Des jeunes remplissant des bidons d'eau à Libreville.

Le 03/09/2025 à 11h05

VidéoTrois mois après l’inauguration d’une nouvelle station de pompage financée par la Banque africaine de Développement, les habitants de nombreux quartiers de Libreville continuent de se battre au quotidien pour s’approvisionner en eau potable.

Malgré les promesses et les rubans coupés, le précieux liquide se fait toujours cruellement rare dans la capitale gabonaise. En juin dernier, le président Brice Clotaire Oligui Nguema inaugurait pourtant une nouvelle station de pompage, pièce maîtresse d’un vaste programme de 117,4 millions.

Financée par la Banque africaine de Développement, le fonds chinois Africa Growing Together Fund, le Programme intégré d’alimentation en eau potable et d’assainissement, cette infrastructure, d’une capacité de 57.600 m³ par jour, permettra de desservir plus de 300.000 habitants, soit environ 31% de la population de la capitale.

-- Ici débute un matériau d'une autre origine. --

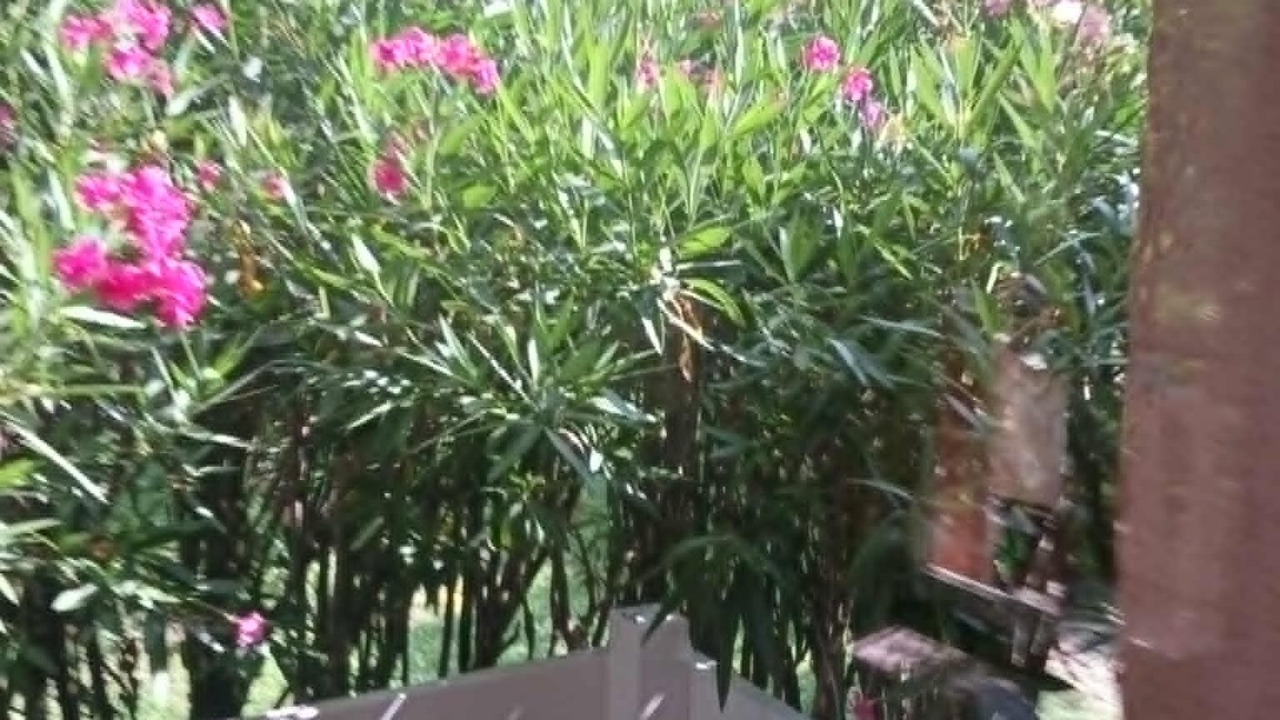 Photo of Outdoor in Saliers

Pourtant, sur le terrain, le bilan est amer. Dans les secteurs périphériques de la ville, le branle-bas de combat est quotidien. Devant des installations de la Société d’Énergie et d’Eau du Gabon (SEEG) laissées à l’abandon, des familles se bousculent pour tenter de capter une eau qui ne coule plus dans leurs robinets.

Le désespoir a une voix, celle de David Sague, habitant du secteur «Derrière l’Assemblée», qui témoigne d’une décennie de décrépitude: «ça fait déjà dix ans que ça dure.... Dans ce secteur rasé, les conduites d’alimentation en eau potable des maisons détruites sont ouvertes et l’eau coule en permanence. C’est cette eau que les populations viennent récolter. Je ne sais si c’est légal ce que nous faisons mais on y peut rien.» Une pratique de survie illégale mais devenue nécessaire, symptôme d’un système en panne.

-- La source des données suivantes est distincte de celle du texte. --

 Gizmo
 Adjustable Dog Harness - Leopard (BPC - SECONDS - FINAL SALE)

Face à ce manque, un business de la dernière chance s’est organisé. Abdoulaye Bâ, commerçant, expose la lourde facture de cette pénurie «pour avoir de l’eau nous sommes obligés de payer les services des transporteurs. Ça nous coûte en moyenne 2.500 francs CFA par jour.» Un budget qui grève le pouvoir d’achat des Librevillois et creuse les inégalités.

Ces sauveurs, ce sont des porteurs d’eau comme Janvier Ndong. Avec son équipe, il arpente les rues pour proposer ses services, incarnant le paradoxe d’une capitale où l’eau se transporte à la brouette «avec mon équipe, nous faisons le tour des maisons qui n’ont pas d’eau pour proposer nos services... Nous transportons cette eau à la brouettes.» Une image d’un autre âge qui souligne l’ampleur des défaillances.

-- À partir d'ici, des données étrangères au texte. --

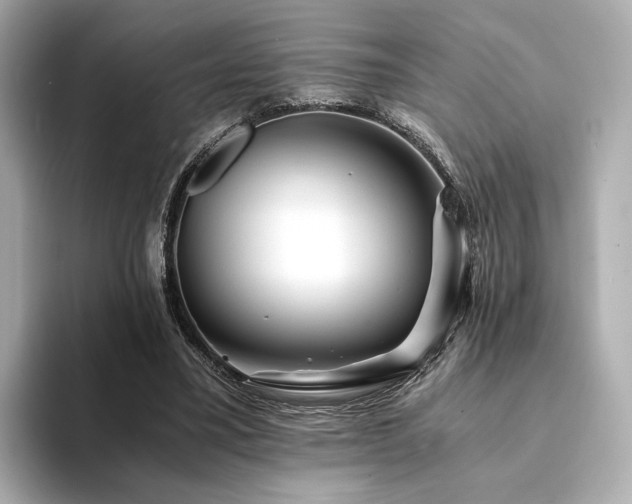 X0000094200395200710261156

Enfin, l’épuisement et la lassitude se lisent dans le propos de Willy Ondo, Notable du boulevard, qui décrit un service erratique et défaillant «l’eau part et revient. Mais quand elle disparaît, l’eau met plusieurs mois pour revenir. Nous sommes fatigués de nous plaindre

Entre les ambitions affichées du Plan d’accélération de la transformation du Gabon et le vécu des populations, le fossé semble abyssal. L’inauguration de juin apparaît comme un mirage pour des milliers d’habitants qui, trois mois plus tard, attendent toujours que l’eau coule de source.